#### Instructions for the task
Find the lines below that contain the word "фото" and count them. Only the number should be given.

#### Supplied data

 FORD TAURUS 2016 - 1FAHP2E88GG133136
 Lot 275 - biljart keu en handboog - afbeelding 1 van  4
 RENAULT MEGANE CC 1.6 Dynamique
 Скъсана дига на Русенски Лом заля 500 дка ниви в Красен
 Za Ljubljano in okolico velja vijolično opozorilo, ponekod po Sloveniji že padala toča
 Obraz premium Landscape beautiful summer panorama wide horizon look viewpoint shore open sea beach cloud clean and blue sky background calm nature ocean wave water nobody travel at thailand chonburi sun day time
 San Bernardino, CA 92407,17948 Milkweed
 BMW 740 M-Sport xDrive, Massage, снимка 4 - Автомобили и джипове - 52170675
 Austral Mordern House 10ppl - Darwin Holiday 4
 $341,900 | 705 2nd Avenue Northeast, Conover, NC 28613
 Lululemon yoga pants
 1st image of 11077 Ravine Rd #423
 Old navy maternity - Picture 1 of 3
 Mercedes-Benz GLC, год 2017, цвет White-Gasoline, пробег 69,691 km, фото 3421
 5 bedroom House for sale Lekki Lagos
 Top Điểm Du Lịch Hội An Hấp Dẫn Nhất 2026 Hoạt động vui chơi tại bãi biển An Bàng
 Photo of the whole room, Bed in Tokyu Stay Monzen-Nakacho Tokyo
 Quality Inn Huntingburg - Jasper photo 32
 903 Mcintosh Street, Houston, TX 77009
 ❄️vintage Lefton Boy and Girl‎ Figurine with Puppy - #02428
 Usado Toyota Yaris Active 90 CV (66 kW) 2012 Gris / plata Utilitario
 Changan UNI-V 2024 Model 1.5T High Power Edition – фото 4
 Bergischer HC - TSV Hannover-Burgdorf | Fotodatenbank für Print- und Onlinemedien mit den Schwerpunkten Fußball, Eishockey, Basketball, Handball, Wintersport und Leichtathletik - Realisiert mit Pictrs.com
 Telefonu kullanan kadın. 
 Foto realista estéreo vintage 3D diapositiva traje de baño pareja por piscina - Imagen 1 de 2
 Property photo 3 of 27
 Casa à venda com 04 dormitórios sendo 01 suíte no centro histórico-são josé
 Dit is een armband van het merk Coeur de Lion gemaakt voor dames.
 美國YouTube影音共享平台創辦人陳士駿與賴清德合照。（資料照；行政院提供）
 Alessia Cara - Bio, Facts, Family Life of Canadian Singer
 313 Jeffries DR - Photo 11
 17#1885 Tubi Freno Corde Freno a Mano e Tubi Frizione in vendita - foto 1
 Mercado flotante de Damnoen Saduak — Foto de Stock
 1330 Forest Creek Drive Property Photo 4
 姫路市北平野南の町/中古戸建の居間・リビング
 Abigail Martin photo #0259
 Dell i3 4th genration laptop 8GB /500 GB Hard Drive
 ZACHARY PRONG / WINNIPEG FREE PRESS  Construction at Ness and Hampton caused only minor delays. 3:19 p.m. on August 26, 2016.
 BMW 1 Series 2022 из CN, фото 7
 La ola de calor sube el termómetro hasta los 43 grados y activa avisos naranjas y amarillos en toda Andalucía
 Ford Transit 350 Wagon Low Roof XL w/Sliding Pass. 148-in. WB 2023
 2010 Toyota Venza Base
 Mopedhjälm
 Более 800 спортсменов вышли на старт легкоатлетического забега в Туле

#### Problem solution
3